Assignment:
Output the whole listing exactly, with no pictures.

Source material:
_ _ _
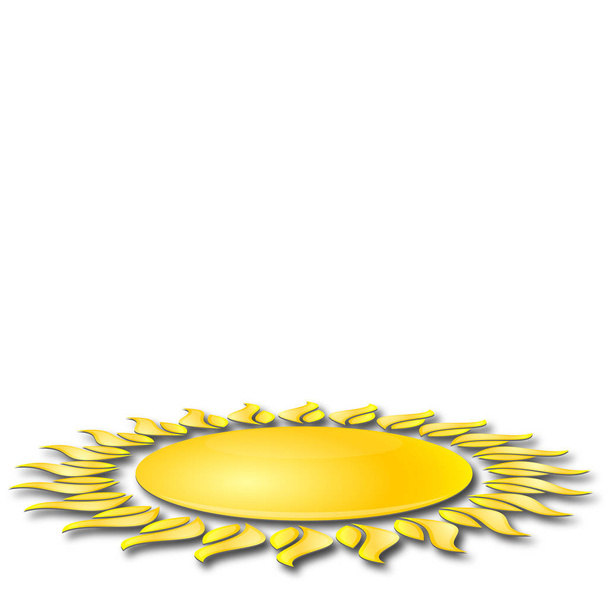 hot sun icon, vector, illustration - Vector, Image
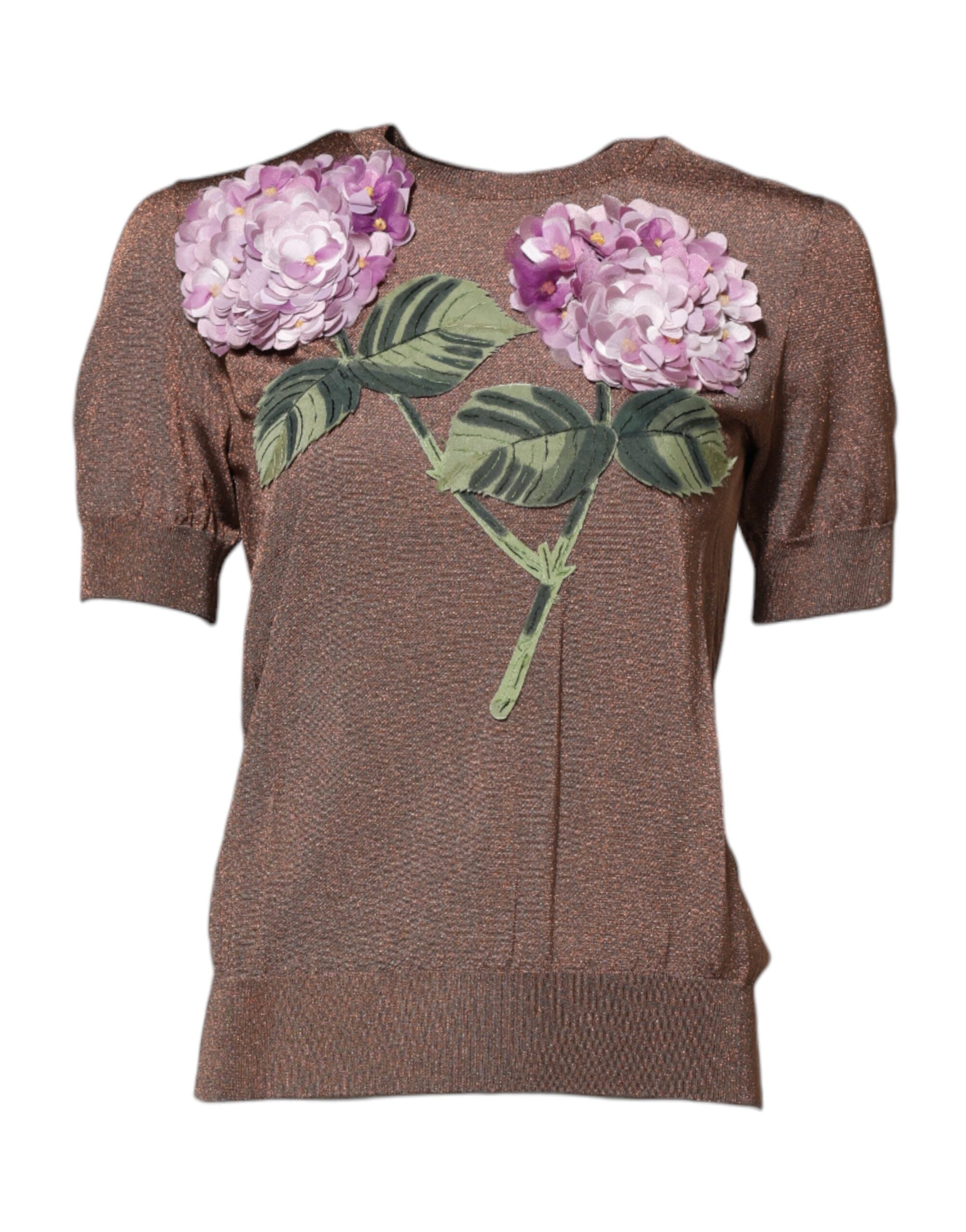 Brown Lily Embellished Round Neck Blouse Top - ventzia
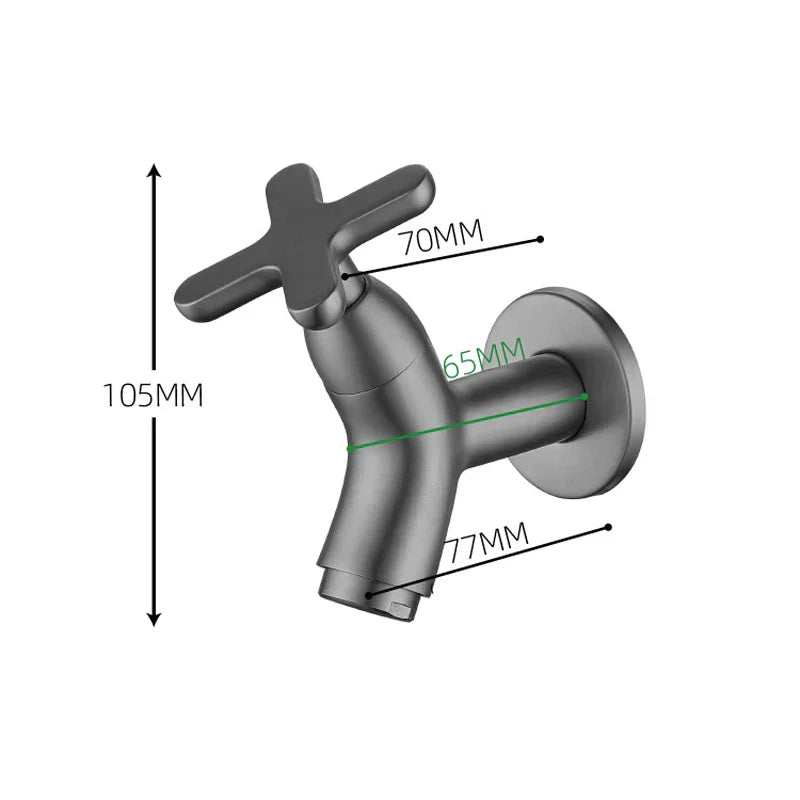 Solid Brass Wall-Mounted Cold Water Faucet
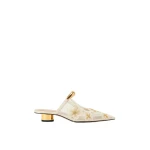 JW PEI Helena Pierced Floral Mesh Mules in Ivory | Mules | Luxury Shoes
_ _ _
Answer box:
 hot sun icon, vector, illustration - Vector, Image
 Brown Lily Embellished Round Neck Blouse Top - ventzia
 Solid Brass Wall-Mounted Cold Water Faucet
 JW PEI Helena Pierced Floral Mesh Mules in Ivory | Mules | Luxury Shoes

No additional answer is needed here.